“But Where is Critical Race Theory Actually Being Taught?”

Modern versions of CRT conflict with the Civil Rights Movement for these reasons:

A) CRT and antiracism are obsessed with dividing people into “colors” and treating them differently on the basis of “color.”

B) The Platform of CRT and antiracism have no meaningful mechanism for improving the lives of the poor minority populations they pretend to serve.

C) CRT and antiracism excel at denying data relating to their mission (including police statistics and economic facts, such as the fact that 60% of Americans who identify as “black” are middle class or above).

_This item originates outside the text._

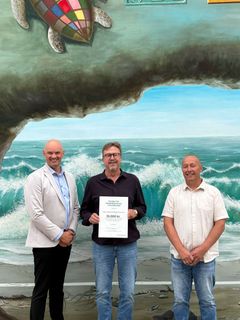Repræsentant fra Nørre Nebel Borgerforening sammen med Frank Lorentzen (th), bestyrelsesmedlem i Fonden for Andelskasserne i område Syd og Bjarne Eg (tv), centerdirektør i Andelskassen i Varde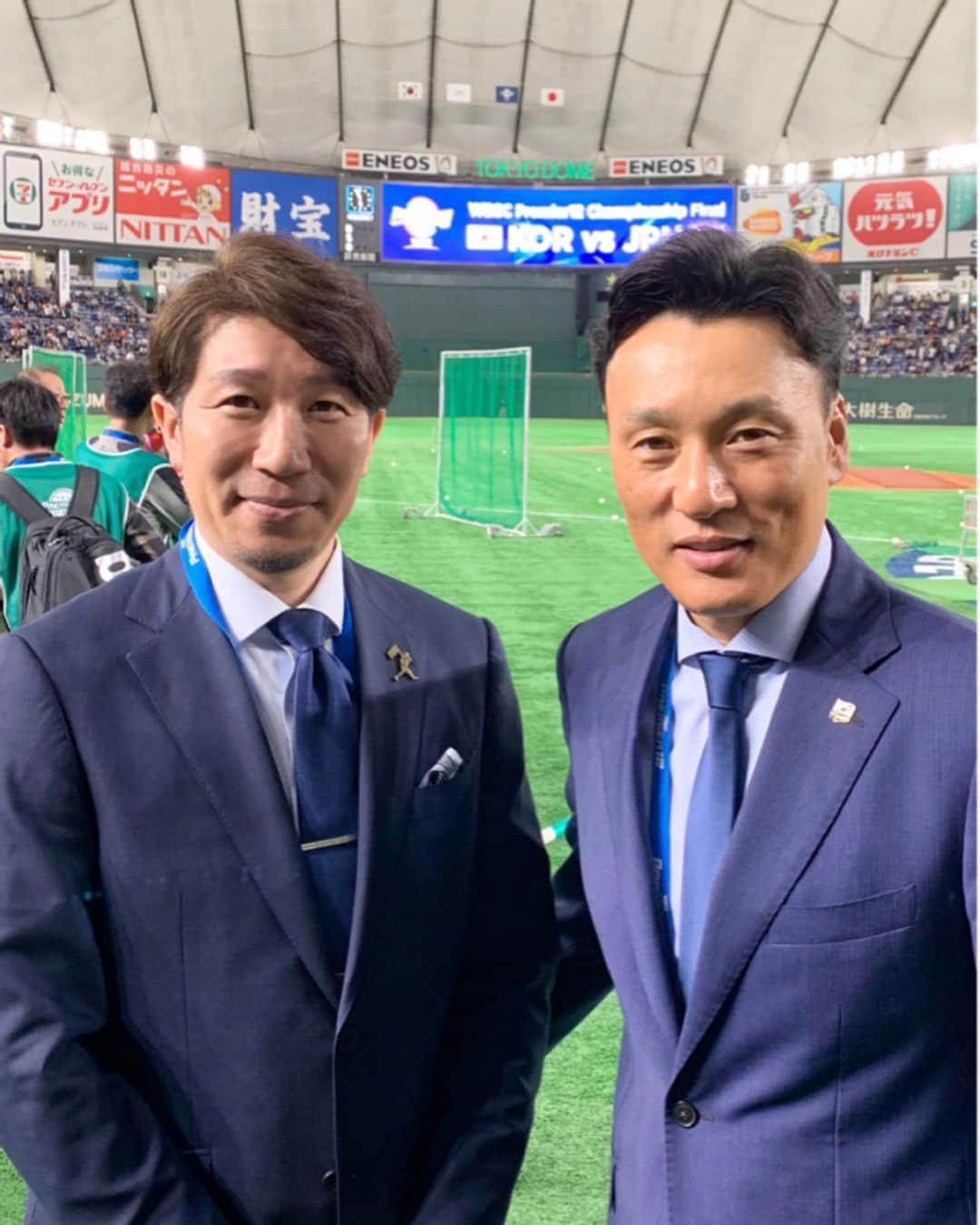 多村仁志さんのインスタグラム写真 - (多村仁志Instagram)「#WBSC #Premier12 ・ #日本代表 #🇯🇵 vs #韓国代表 #🇰🇷 ・ お互い素晴らしい戦いをみせてくれました。 ・ #稲葉ジャパン #世界一 #おめでとう #🏆 ・ そして、試合前には、ロッテ＆ジャイアンツ＆オリックスで活躍した韓国球界のレジェンド！ ・ スンちゃんこと、イ・スンヨプさんと久しぶりに再会。 ・ 当時の事や国際大会での話、今回の両国代表の話など長い時間、内容の濃い話をする事ができました。 ・ 国際大会になると旧友に会えるのもひとつの楽しみでもあります。 ・ 日本では #同級生 #韓国では #先輩 #이승엽 #李承燁 #イスンヨプ #SeungYeopLee #TheLionKing  #삼성라이온즈 (1995 - 2003) #千葉ロッテマリーンズ (2004 - 2005) #読売ジャイアンツ (2006 - 2010) #オリックスバファローズ (2011) #삼성라이온즈 (2012 - 2017) #36 #永久欠番 お互いのスーツ＆シャツ＆ネクタイのカラー一緒 また来年アメリカで再会を約束😊」11月18日 0時44分 - hit_tamu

D) CRT and antiracism advocates do not extol the teachings of Martin Luther King.  In fact, King’s teachings are barely mentioned in training materials.

There are other difference too, but this is a sampling based upon some of the articles I’ve written recently.

Increasing numbers of people are starting to understand that CRT and “antiracism” conflict with the traditional Civil Rights Movement. In reaction, apologists for CRT and “anti-racism” are taking the position that CRT and “antiracism” are not being taught in schools. I see this as motivated reasoning based on the fact that most of these people (the ones I know) are only exposed to left-leaning legacy media that refuses to cover the fact that obsessions with skin “color” and other divisive poisons are increasingly being taught in K-12 and colleges. Left-leaning media admits of only a few outliers and deny that CRT or antiracism is a significant problem in the U.S. I disagree, based on these news reports:

The recent case of Dana stangel-Plowe, former teacher at a school in Englewood.

The recent case of Paul Rossi.

The observations of Andrew Gutmann, a former parent at Brearly School.

Christopher Rufo’s reports based upon leaked training materials at numerous schools.

Chloe Valdary teaches a good-hearted program to diminish bigotry she compares to the CRT programs of which she is knowledgable.

Numerous reports by Parents Defending Education.

Numerous reports of attempted cancellation based on CRT here.

Reports at businesses by Counterweight.

Many more reports here, by Princetonians for Free Speech.

I have also been personally contacted by approximately a dozen people who work in academia who are afraid to speech honestly on issues because CRT permeates the campus

More reports here (Stanford) and here (Rutgers).

John McWhorter’s receipt of numerous complaints (see the comments) here.

Another recent resource is Christopher Rufo’s “Critical Race Theory Briefing Book.” 

There are numerous other reports, more of them surfacing every week. I will update this list periodically in the comments.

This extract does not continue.